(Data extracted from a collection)
====================
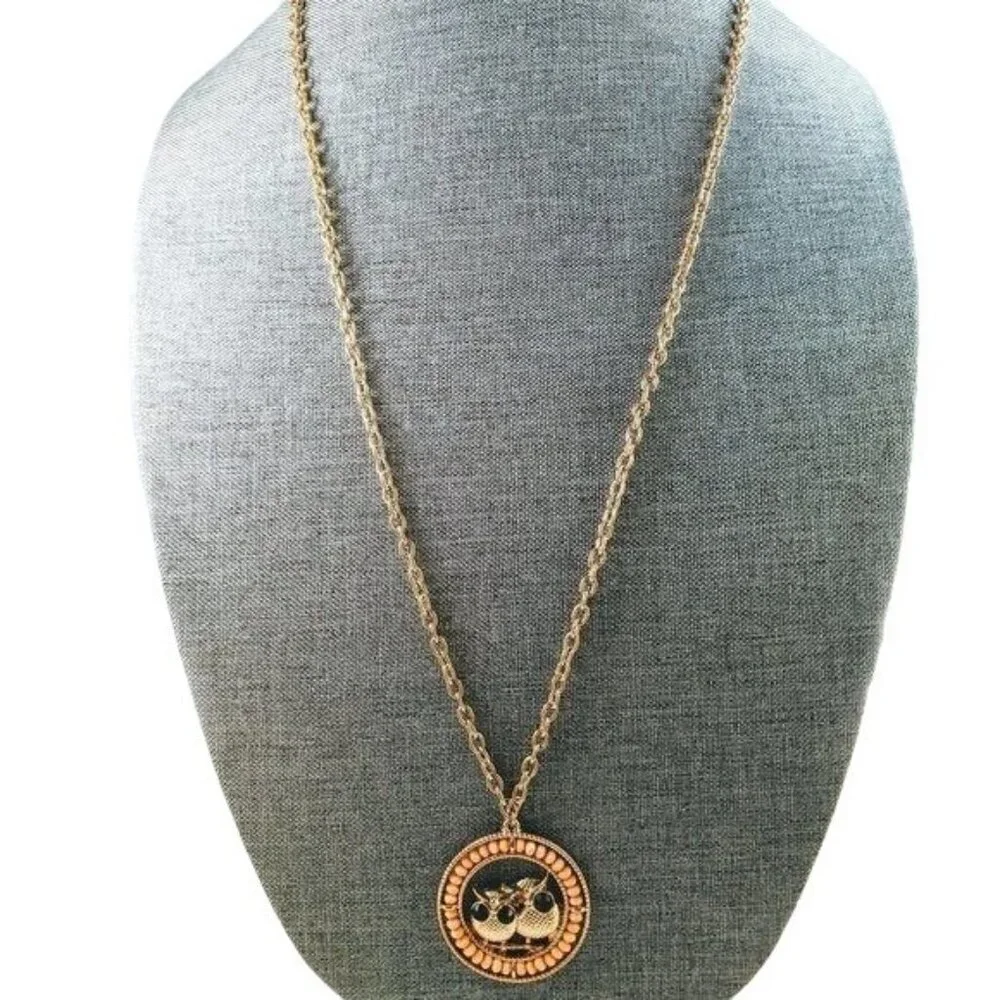 NWT Laila Rowe Long Gold Tone & Peach Owl Necklace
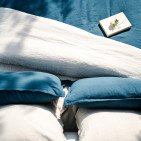 Housse de Couette en Lin Lavé Bleu Prusse Bicolore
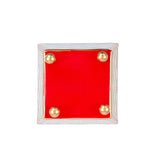 Preppy Plaid Enameled Square Cachepot Planter - Red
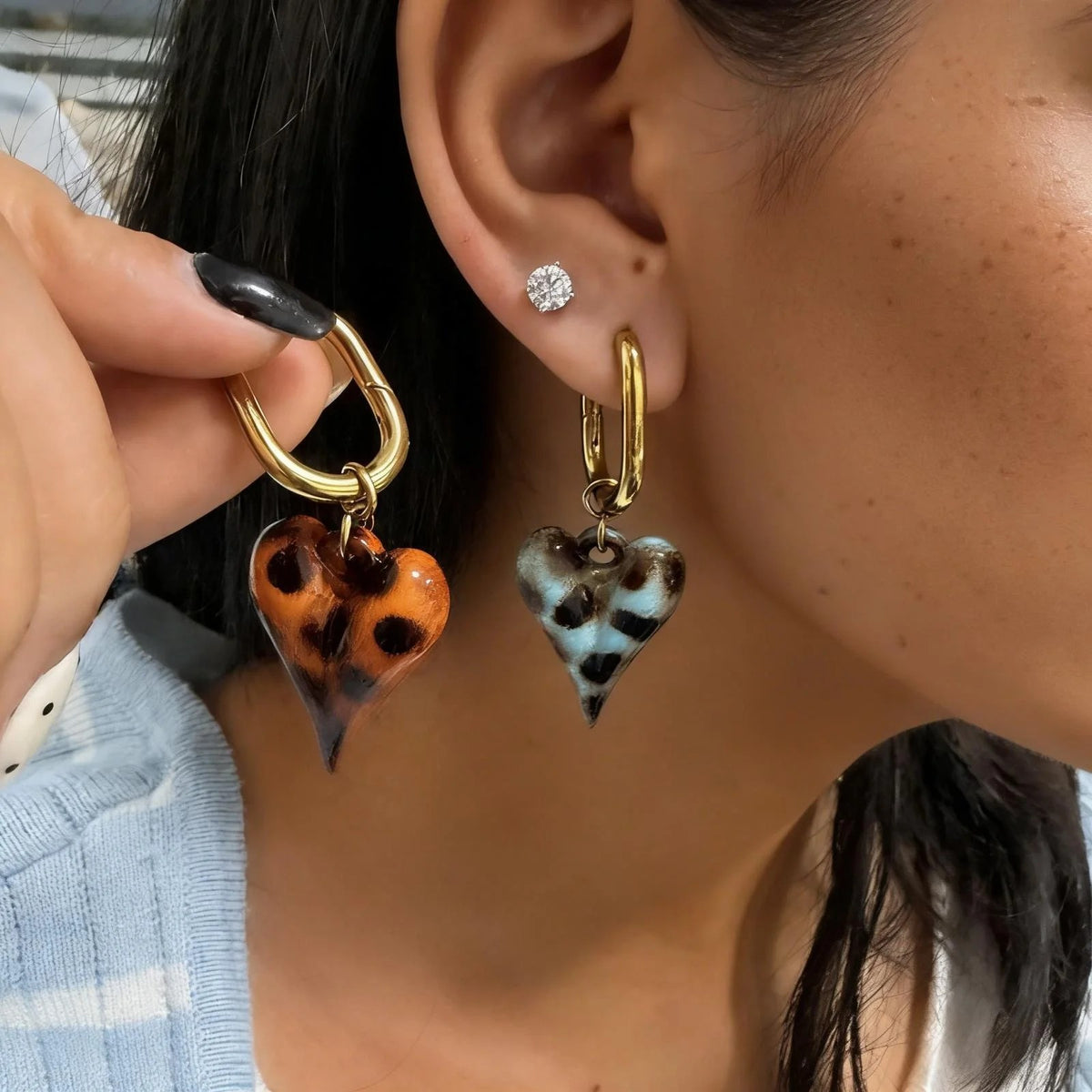 Tortoiseshell Heart Huggie Earrings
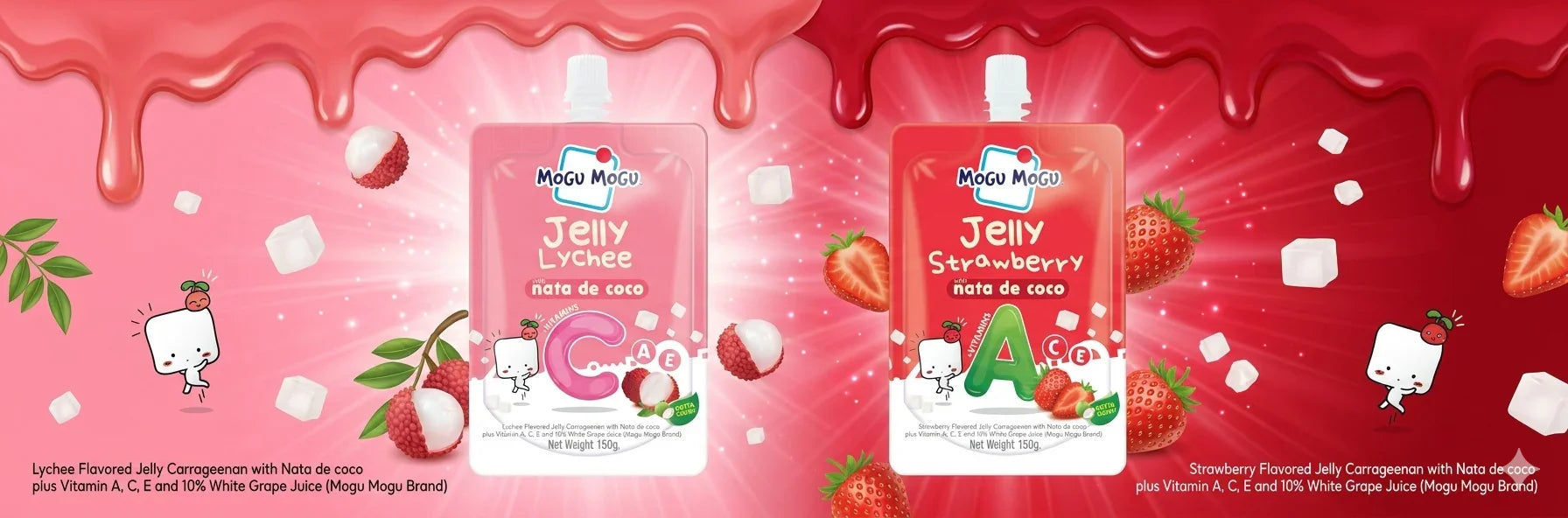 Mogu Mogu Lychee & Strawberry Jelly with Nata de Coco, Vitamins A,C,E, 150g pouches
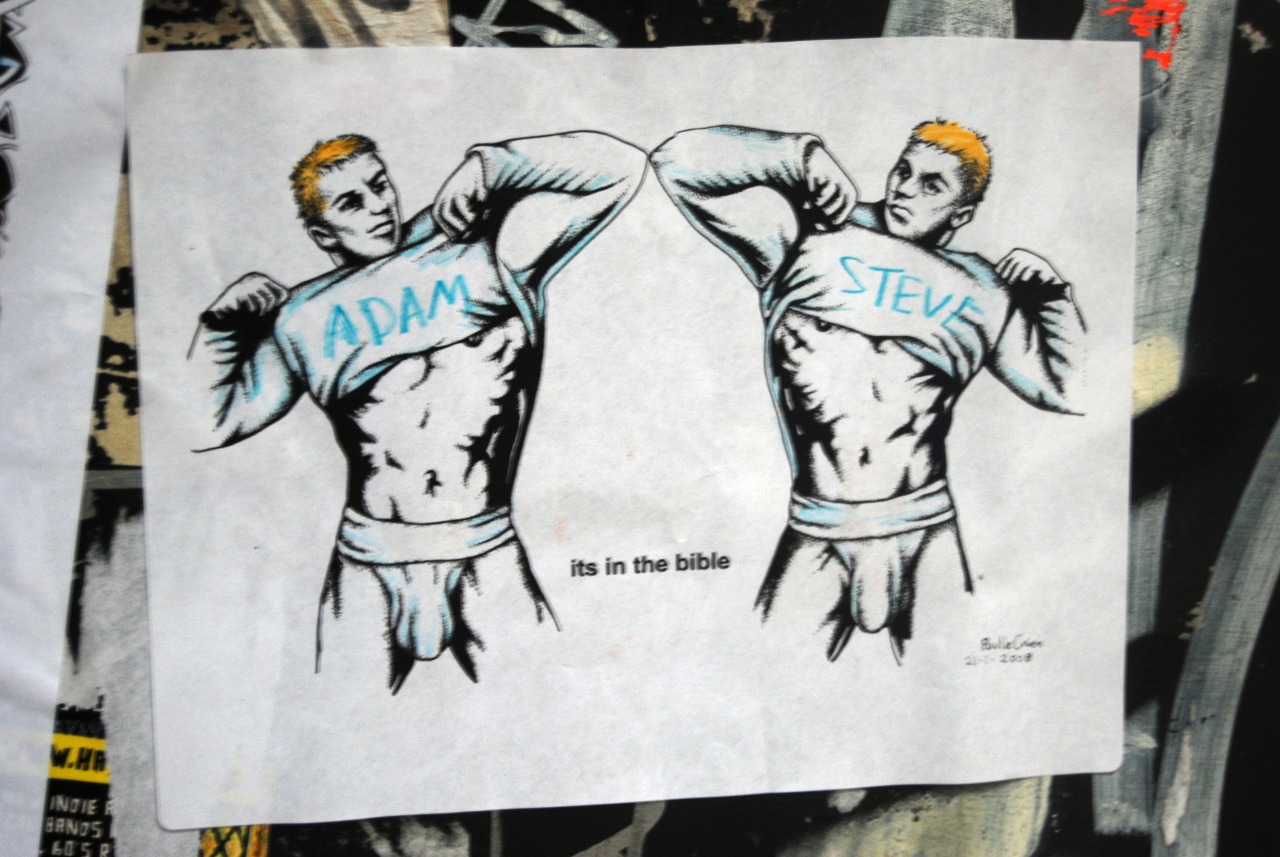 queergraffiti:paullechien:paul le chien  Adam &amp; Steve… “its in the bible”in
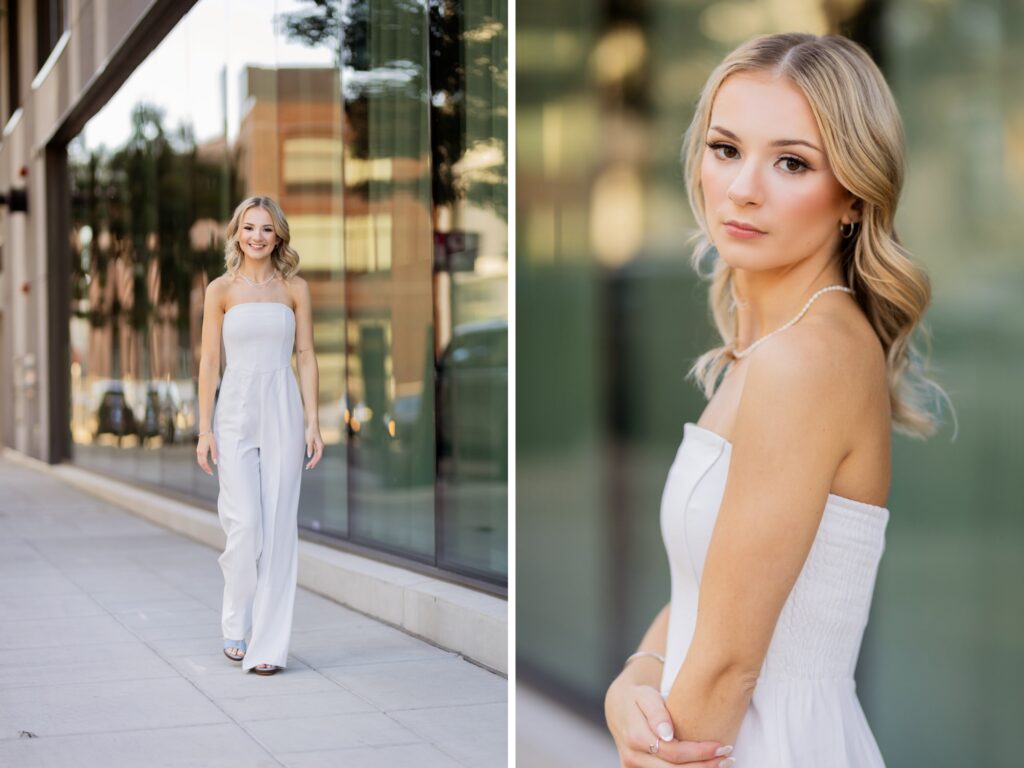 Senior portraits of a girl in downtown Portland Oregon by glass windows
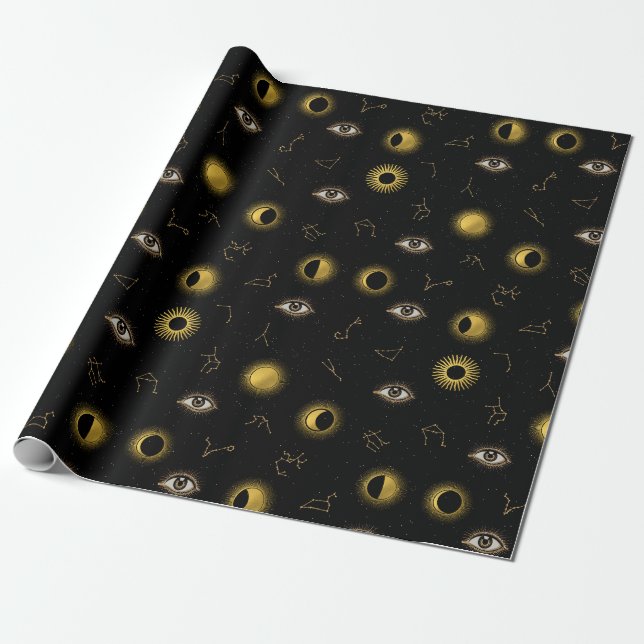 Papel De Regalo Ojo Celestial Negro Oro y Ojo Zodiaco Luna (Desenrollado)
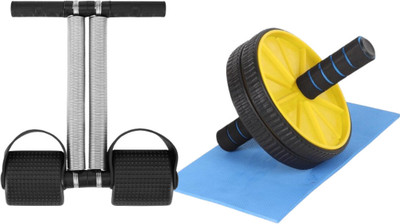 fitfuel Dual Spring Tummy Trimmer with Ab Wheel With Anti Rust Steel Rod | Abs Workouts Ab Exerciser(Multicolor)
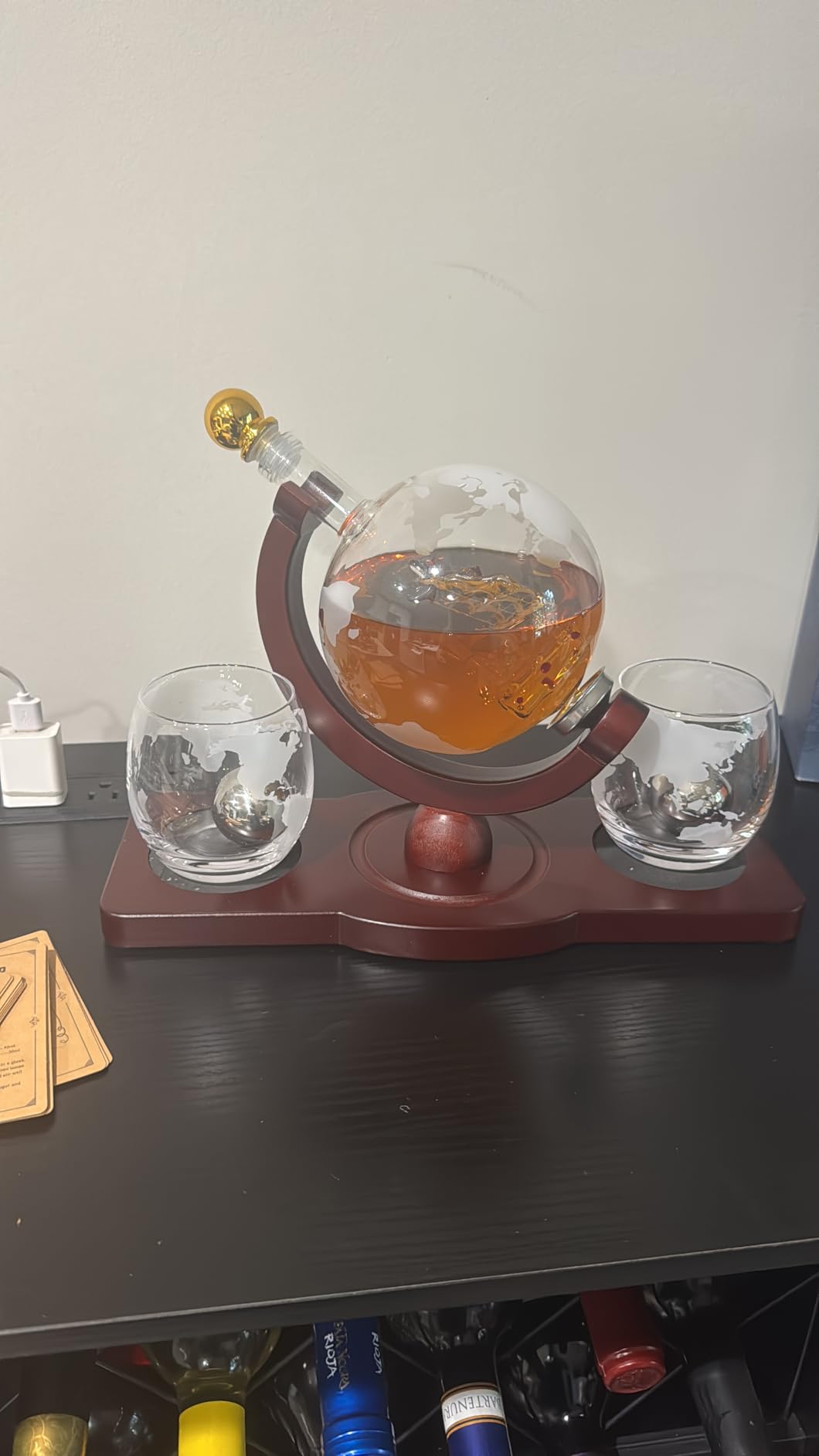 PONPUR Gifts for Men Dad Christmas, Whiskey Decanter Globe Set with 2 Ball Stones & 2 Glasses, Anniversary Birthday Gifts for Him Husband Boyfriend Brother, Cool Stuff Gift for Bourbon Scotch customer photo 1
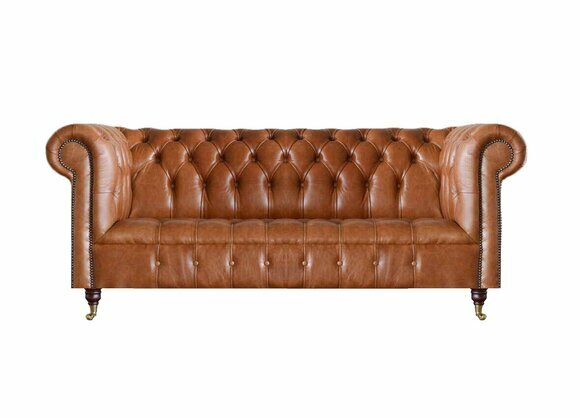 Chesterfield Leder Sitzmöbel Brauner Dreisitzer Wohnzimmer Edle Sofas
====================
Restate the records above verbatim. Pictures stay out.

WRITTEN SOLUTION:
 NWT Laila Rowe Long Gold Tone & Peach Owl Necklace
 Housse de Couette en Lin Lavé Bleu Prusse Bicolore
 Preppy Plaid Enameled Square Cachepot Planter - Red
 Tortoiseshell Heart Huggie Earrings
 Mogu Mogu Lychee & Strawberry Jelly with Nata de Coco, Vitamins A,C,E, 150g pouches
 queergraffiti:paullechien:paul le chien  Adam &amp; Steve… “its in the bible”in
 Senior portraits of a girl in downtown Portland Oregon by glass windows
 Papel De Regalo Ojo Celestial Negro Oro y Ojo Zodiaco Luna (Desenrollado)
 fitfuel Dual Spring Tummy Trimmer with Ab Wheel With Anti Rust Steel Rod | Abs Workouts Ab Exerciser(Multicolor)
 PONPUR Gifts for Men Dad Christmas, Whiskey Decanter Globe Set with 2 Ball Stones & 2 Glasses, Anniversary Birthday Gifts for Him Husband Boyfriend Brother, Cool Stuff Gift for Bourbon Scotch customer photo 1
 Chesterfield Leder Sitzmöbel Brauner Dreisitzer Wohnzimmer Edle Sofas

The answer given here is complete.